Let's just say the conversation didn't end with Ford getting a bigger part.
I'm in a similar position. Recently a customer said to me that it was clear that many of my colleagues were just time building in this job, but that I was a professional. I said thank you. And underneath I seethed the way Harrison Ford must have when he was told he made a good bellhop. Even my boss was taken aback at the discovery that I do not intend to spend the rest of my career in this job.
I hear things like this every time I mention the possibility of my career advancement. You're suited so well to it ... You're so good at it ... You put so much effort into it ... Don't you like it? ... Your talents would be wasted as a flying bus driver.
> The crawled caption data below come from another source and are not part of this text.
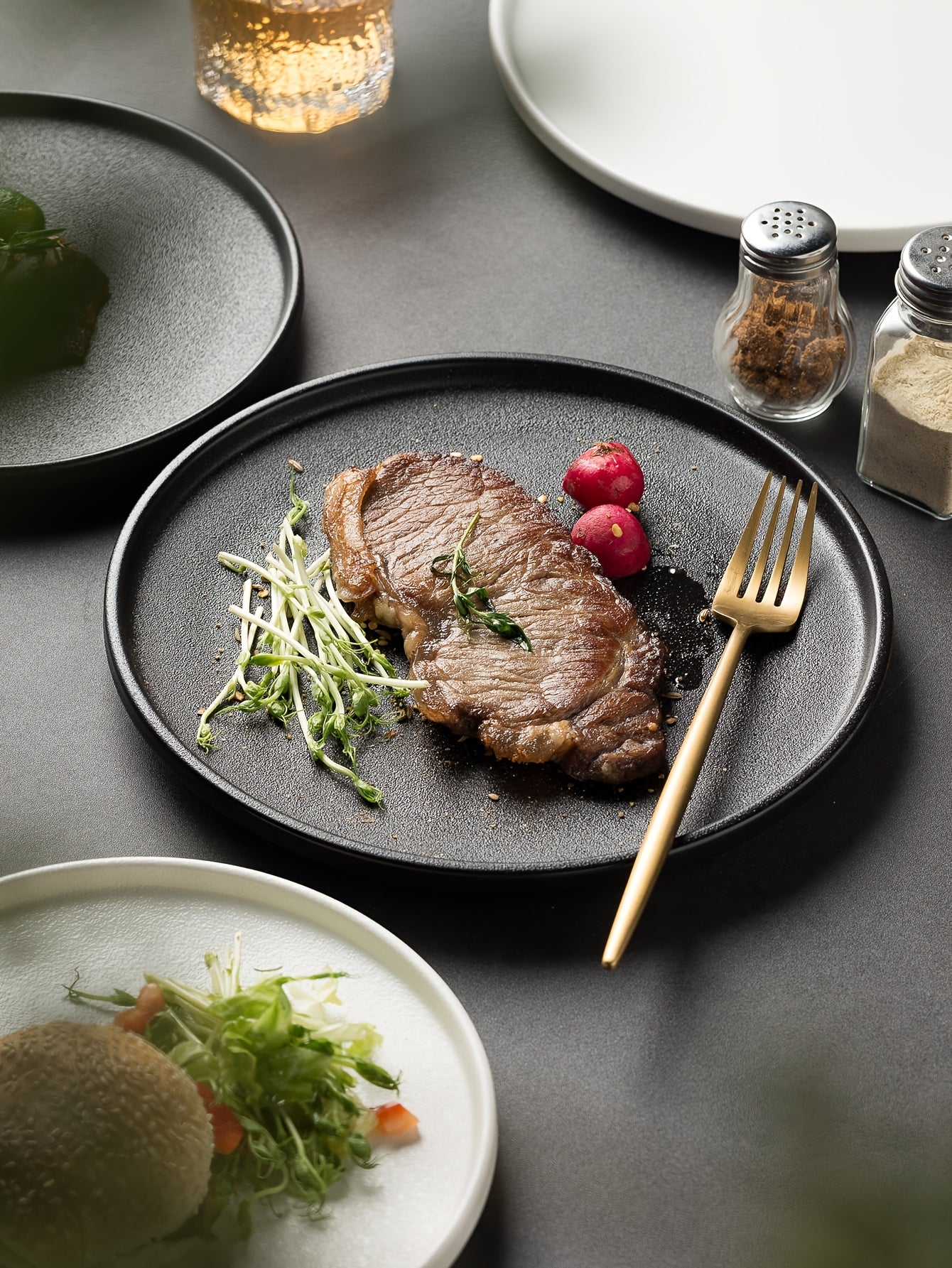 2-Pack Ceramic Dinner Plates - Matte Textured Steak Plates with Golden Rim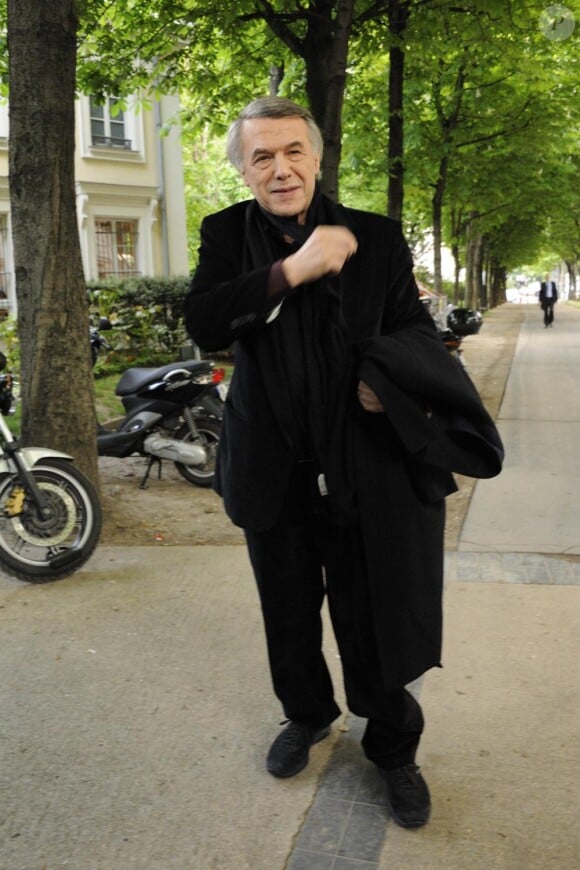 Salvatore Adamo arrive au Théâtre du Rond-Point pour le show 'tsunami et demain' à Paris le 11 avril 2011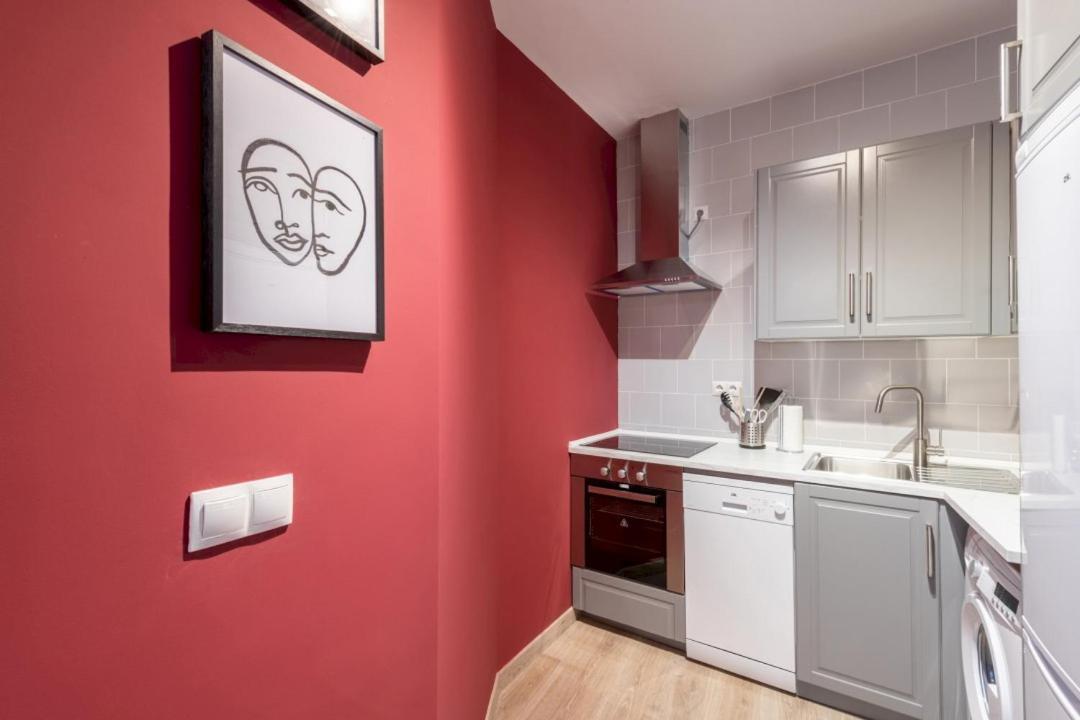 3 Bedrooms 1 Bathroom Furnished - Lavapies- Mintystay Madrid Eksteriør billede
Well yes. This is my job and I do it well. Would anyone be served if I were to do otherwise? Perhaps I should act like I'm too good for this job, put on airline captain airs, and neglect those tasks that I can ignore without penalty. Of course not. I'll do this job well until the very last day I do it.
In an airline environment, everyone will see me as an airline pilot. Because I'm a professional and that's the way it's done. Harrison Ford eventually got tired of fighting for minor roles and took on a carpentry job to pay the bills. Some days I want to quit this job and go and work for a large airline doing anything. Honestly, I look at baggage handling jobs in Iqaluit and think, "what about that one?"
Harrison Ford was working as a carpenter on the set of Star Wars when he was asked to read Han Solo's lines as a stand in. Apparently he did it better than any of the 'real' actors they were considering, and was cast. You probably know how that worked out. My Star Wars will come.